What is needed: Your output is to hold only the lines from the one showing "Aktéři ostravské větve" through the end of the listing, exactly, with every picture excluded.

=== Source material ===

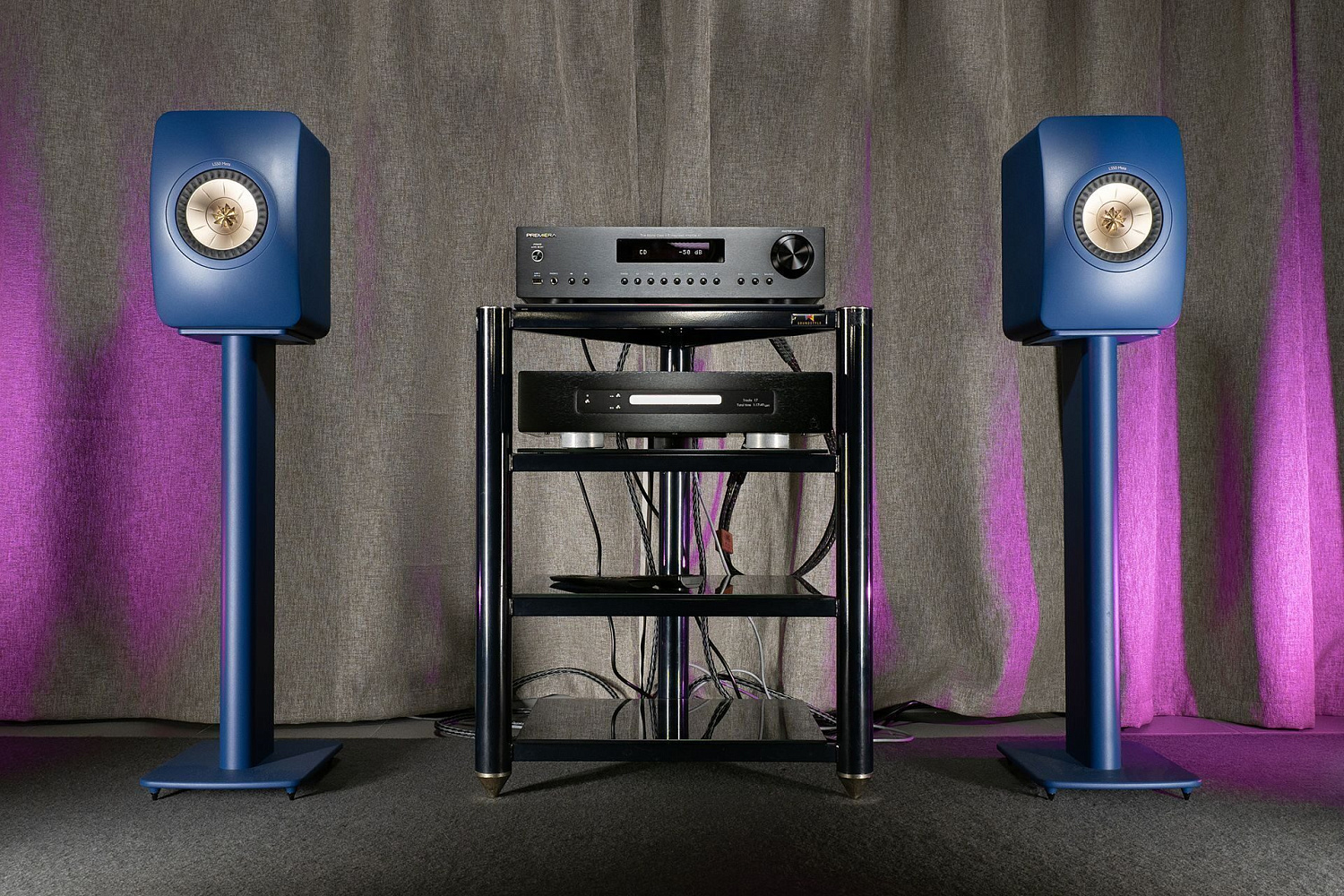 Обзор. Интегральный усилитель Premiera A1: аппарат с одним условием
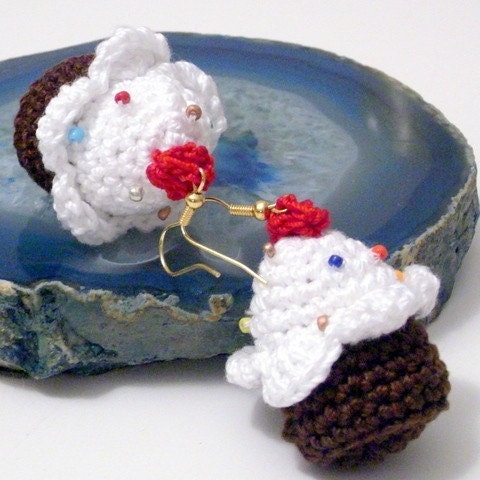 Crocheted and beaded cupcakes earrings in white and brown cotton - CHOCOLATE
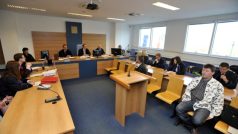Aktéři ostravské větve metanolové kauzy u Krajského soudu ve Zlíně
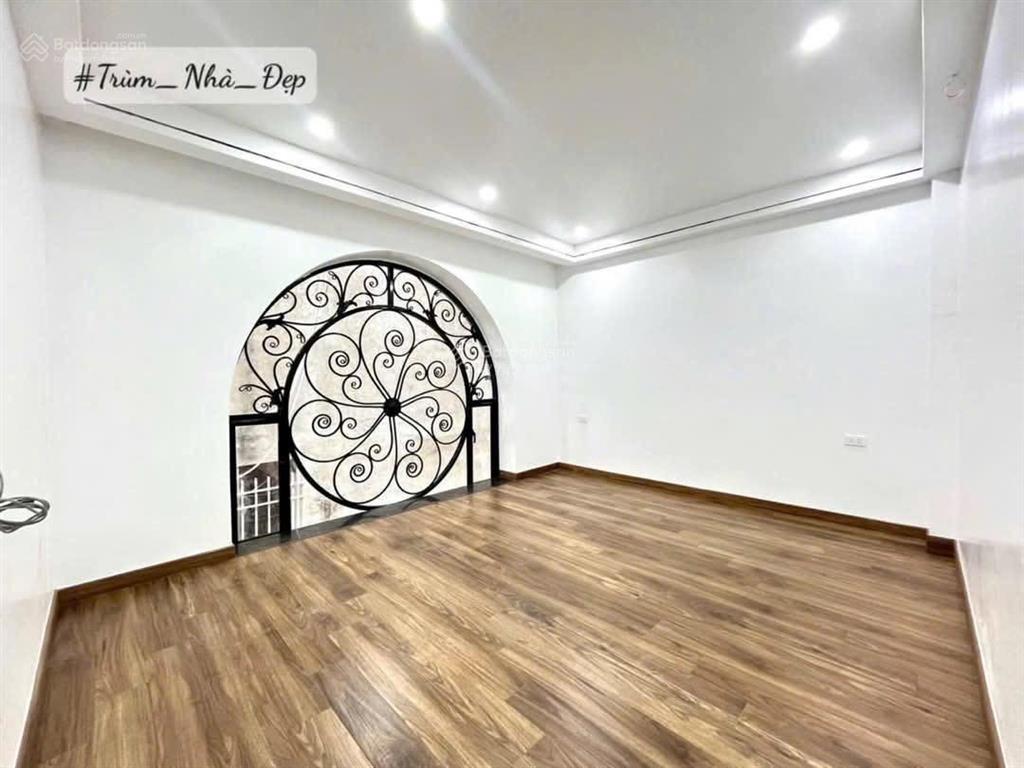 Bán nhà riêng tại đông khê, 3,999 tỷ, 42m2, 4pn, 4wc, pháp lý đầy đủ, hot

===

Solution to the problem:
Aktéři ostravské větve metanolové kauzy u Krajského soudu ve Zlíně
 Bán nhà riêng tại đông khê, 3,999 tỷ, 42m2, 4pn, 4wc, pháp lý đầy đủ, hot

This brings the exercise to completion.